Published on Friday, February 4, 2000 in the Boston Globe
Activists Target Fidelity Investments Offices In 20 Cities Over Occidental Petroleums' Oil Drilling On U'wa Indian Land In Colombia
by Karen Hsu
Environmental and human rights groups yesterday demonstrated outside Fidelity Investments offices in Boston and 19 other cities to protest the mutual fund company's stake in Occidental Petroleum Corp., which plans to drill for oil on land claimed by the U'wa Indians in Colombia.
The groups want Boston-based Fidelity to pressure Occidental to cancel the drillings and they have threatened to start a campaign to encourage customers to withdraw their money from the giant investment firm.

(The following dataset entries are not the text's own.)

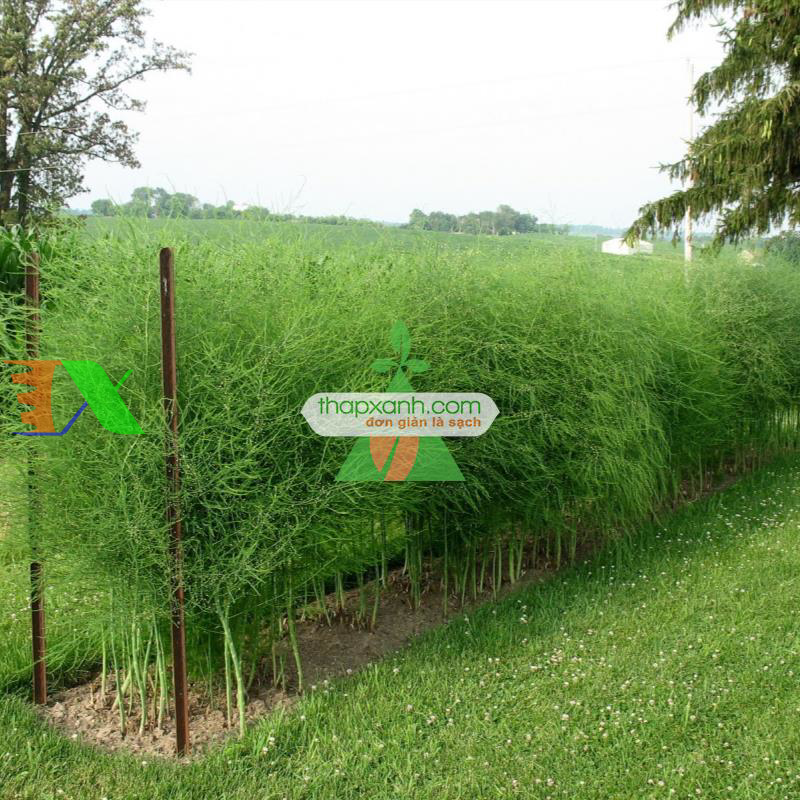 Hạt giống Măng Tây xanh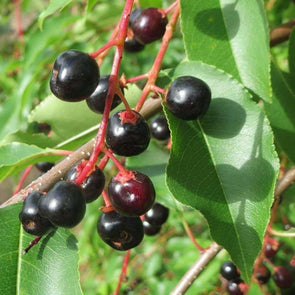 Cherry Black - (Prunus Serotina) Seeds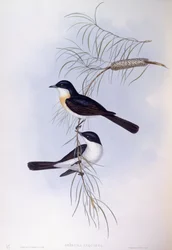 Cazamoscas inquieto (Myiagra inquieta), grabado por John Gould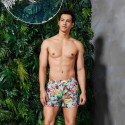 Bermuda Tropical Fruit Print men's swimwear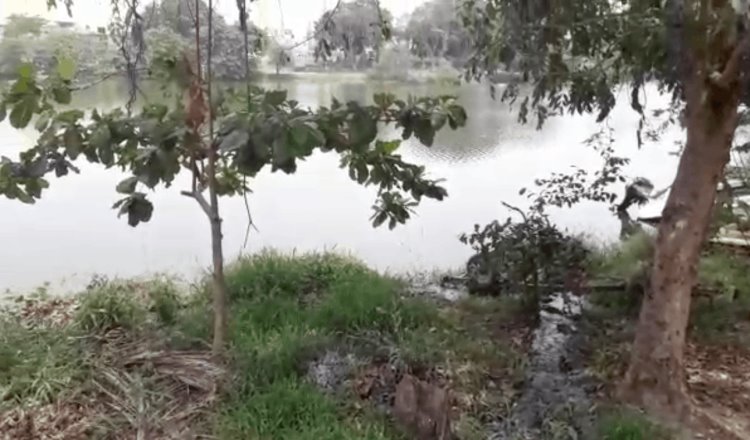 Fuga de aguas negras llega a la laguna de las Ilusiones desde fraccionamiento Bosques de Villahermosa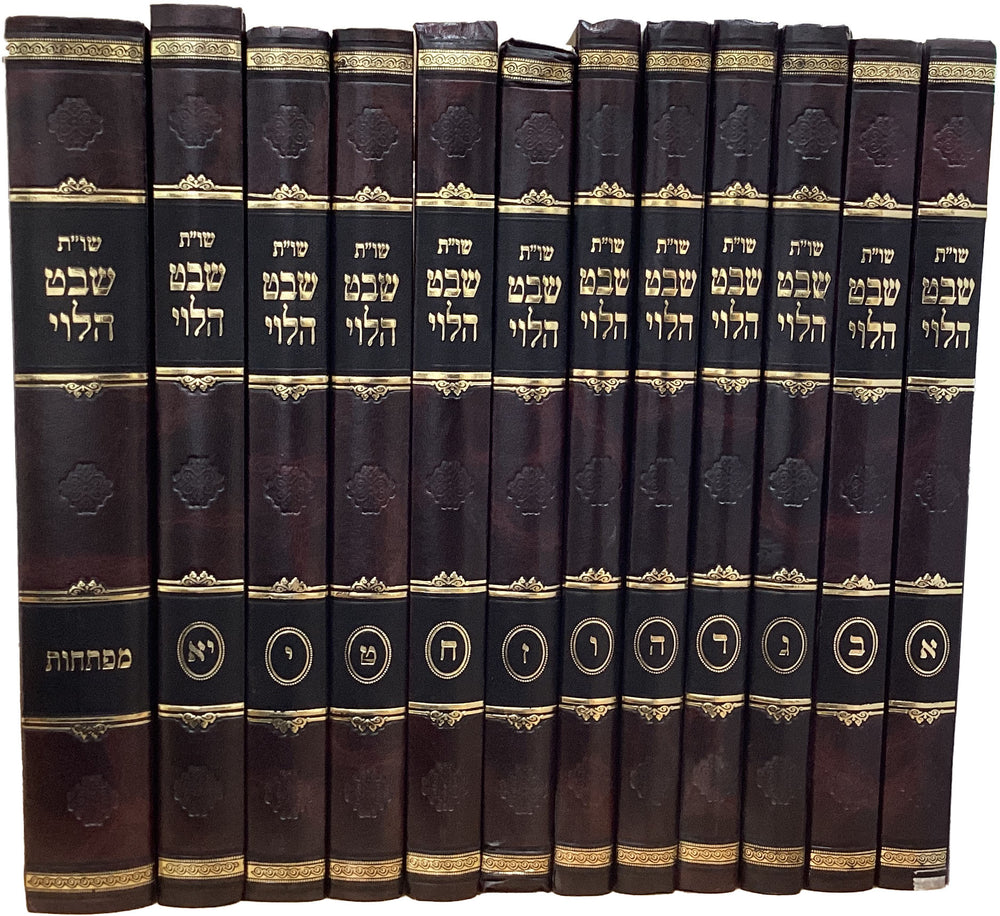 שבט הלוי - י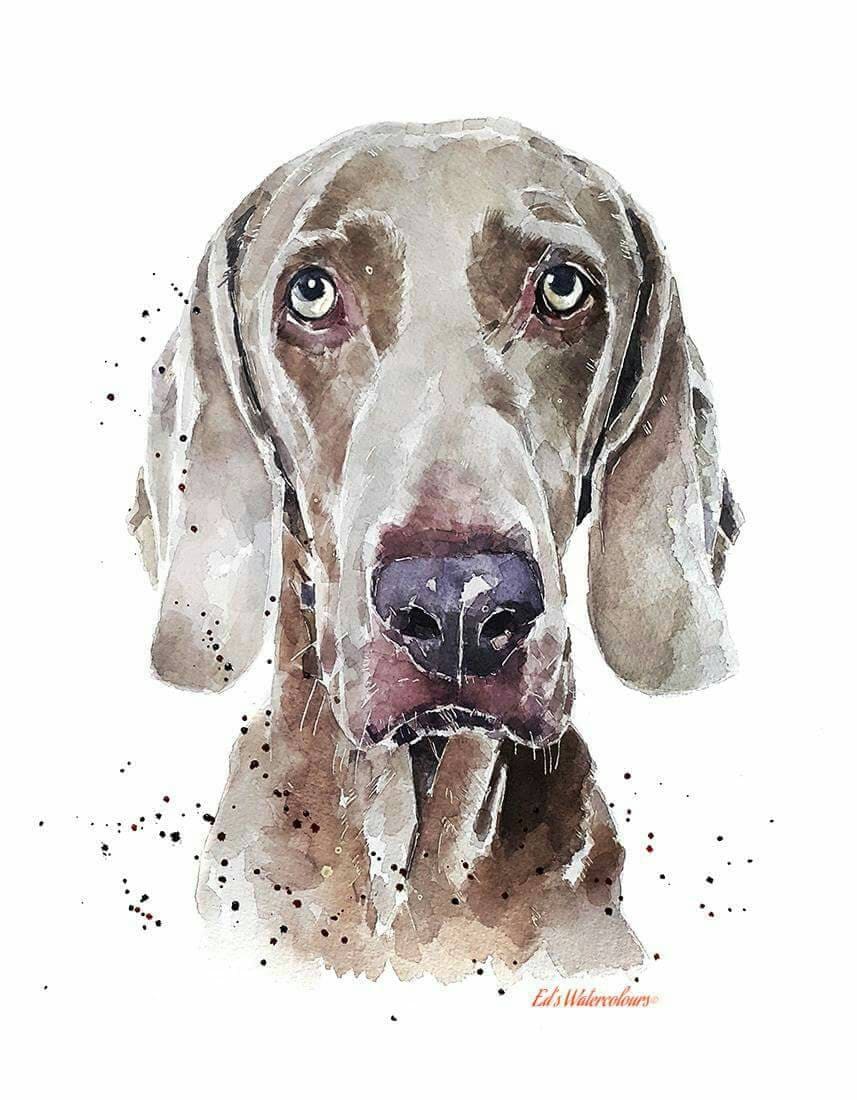 ワイマラナー I | 犬のアートプリント | Edswatercolours - Etsy 日本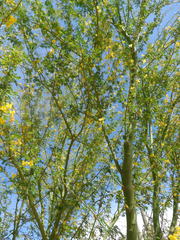 Parkinsonia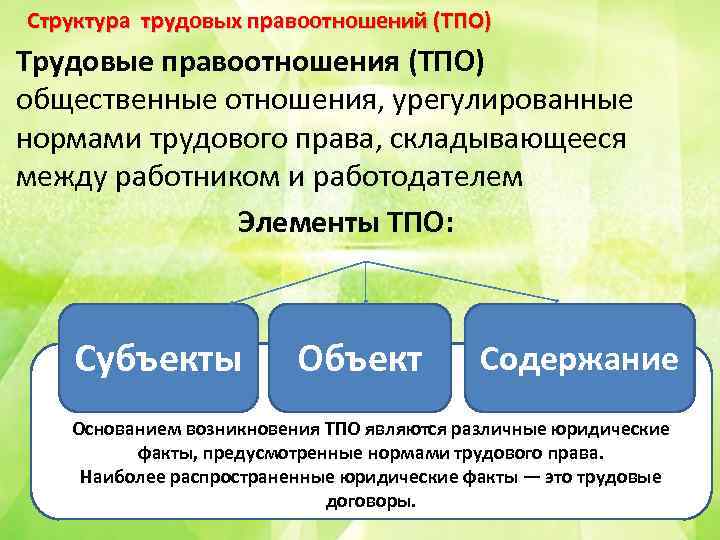 Структура трудовых правоотношений (ТПО) Трудовые правоотношения (ТПО) общественные отношения, урегулированные нормами трудового права, складывающееся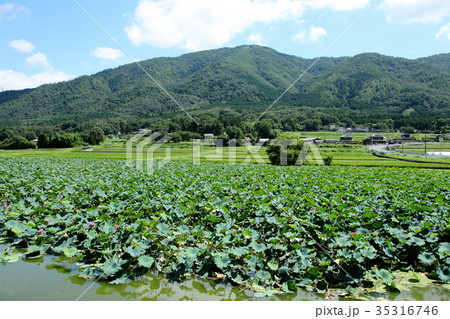 平の沢池 35316746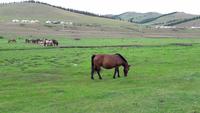 Mongolei, bei der Zencher Quelle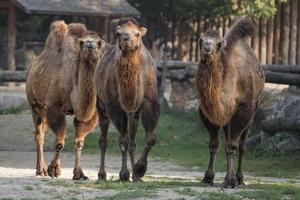 portrait de trio de chameau brun photo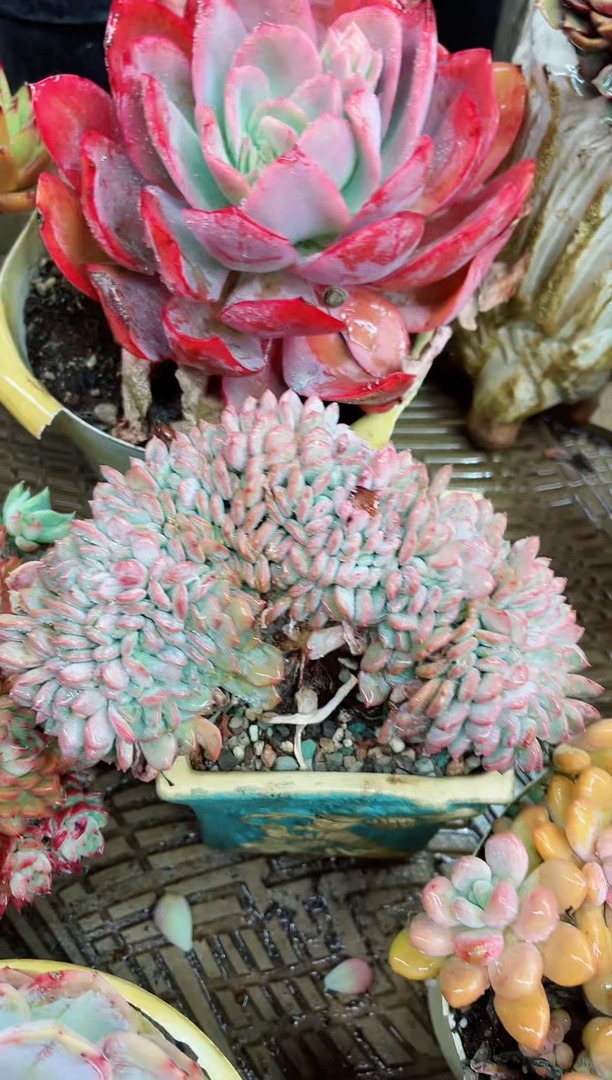 【闪购商品】03052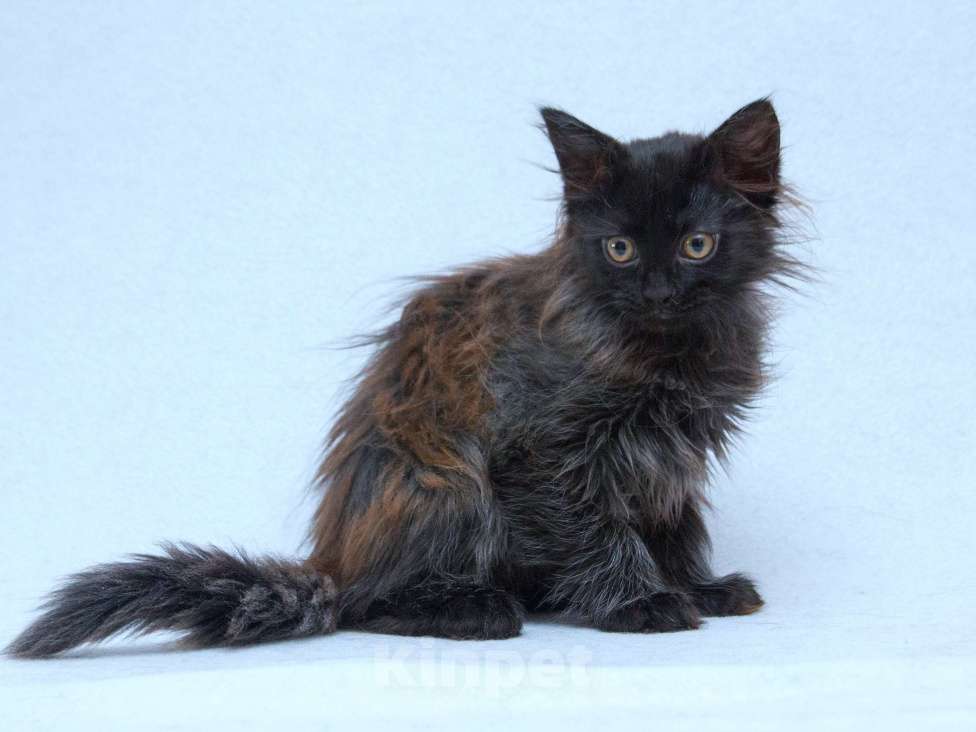 Кошки в Москве: Три пушистых котёнка в добрые руки Девочка, Бесплатно - фото 5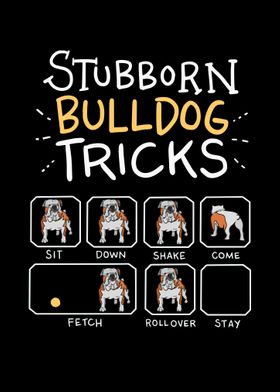 Funny Bulldog Tricks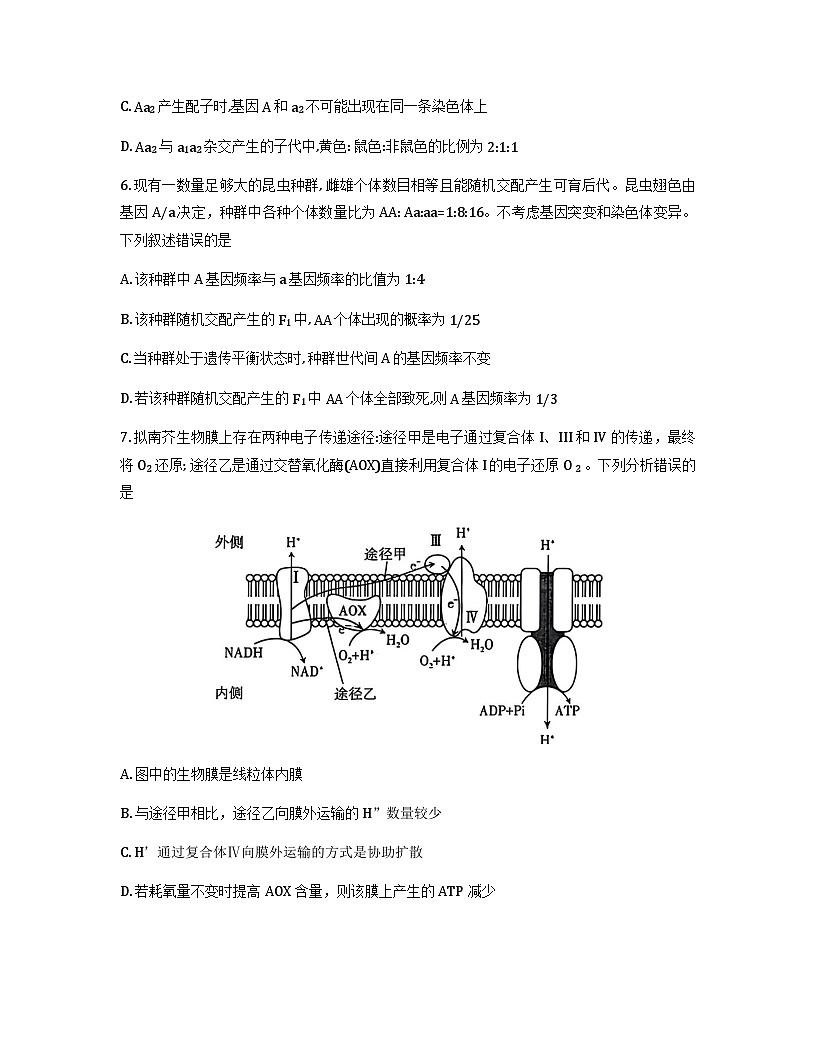 山西省太原市2025-2026学年高三上学期期中考试生物试卷（Word版附答案）第3页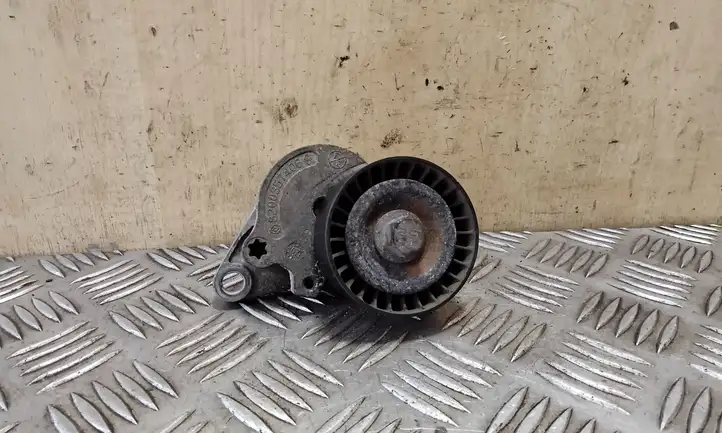 Nissan X-Trail T31 (2007 - 2014) 8200357406 Натяжитель ремня ГРМ — фото 1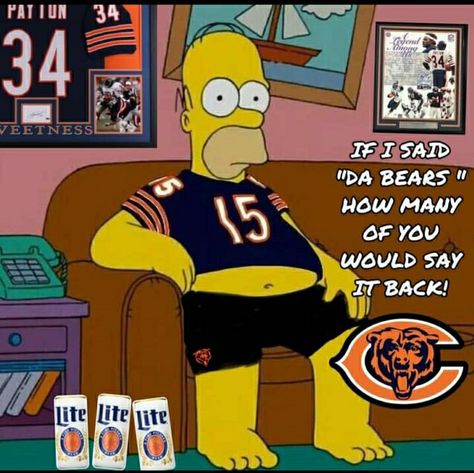 Chicago Bears Memes, Chicago Bears Funny, Bears Funny, Chicago Bears Wallpaper, Chicago Bears Pictures, Bear Meme, Nfl Funny, Chicago Bears Football, Bears Football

In Boston yesterday, about 50 people rallied in the bitter cold as customers tried to enter Fidelity's Congress Street offices. At one point, the bomb squad was called after someone tried to handcuff a briefcase with a tape recorder playing to one of the lobby doors.
Other protests at Fidelity offices took place in Atlanta, New York, Chicago, San Francisco, and Los Angeles. Fidelity controls about 30 million, or about 8.5 percent, of Occidental's shares, the human rights and environmental groups said.
In Prague, Geneva, and Tel Aviv, the protest groups demonstrated in front of Colombian embassies.
The U'wa dispute the government's approval of a license for Occidental to drill for oil, Colombia's largest export, and have tried to block the drilling equipment.
Last week, the Colombian military began evicting a few members of the U'wa, a tribe of 5,000 Colombian Indians, from their property to a military base as machinery tried to move in.
The drill site is in an area of disputed land. Roberto Perez, the highest elected official of the U'was, says the site is about 1,600 feet from the tribe's reservation, but the Colombian government contends it is several miles away. Nonetheless, the area is considered part of the tribe's ancestral lands, Perez said in a telephone interview from Bogata, the capital. Perez said the tribe last year bought two farms on land that has become part of the drilling area.
The U'wa have threatened to walk off a 1,400-foot cliff in the Andes in a mass suicide to protect the land they considered sacred. Their ritual chants reminisce a time, hundreds of years ago, when many U'wa jumped off a cliff to avoid enslavement by Spanish invaders.
''It is not only ecocide, but cultural genocide,'' said Dune Lankard, a protester in Boston who came from Alaska. Lankard, 40, is a commercial fisherman who fought for compensation when the Exxon Valdez oil spill ruined his Eyak people's lands.
The protest was organized by Rainforest Action Network, Amazon Watch, and other organizations. Rainforest Action Network was effective last year in persuading Home Depot, the nation's largest retailer of lumber, to agree not to sell any wood from endangered forests.
A Fidelity spokesman yesterday said the resolution of such disputes should be in the hands of the government. ''The appropriate authorities of the world have the responsibility to address matters of this type. We would hope they would do so fairly and wisely on behalf of their citizens,'' said Vincent Loporchio, spokesman for Fidelity. ''Our responsibility is to weigh the impact of these issues on behalf of our mutual fund shareholders.'' Occidental did not return phone calls.
The activists have also targeted Vice President Al Gore, whose Occidental stock holdings are valued up to $500,000. Those shares came from his father when he sat on Occidental's board.
Simon Billenness, senior analyst at Trillium Asset Management in Boston, a socially responsible investment firm with $600 million in client assets, said that both Fidelity and Gore could influence the petroleum company.
''Both of them could easily pick up the phone and talk to the CEO of Occidental, which could send a very strong message that this project on U'wa lands is going to be counterproductive in the long term for Occidental,'' Billenness said.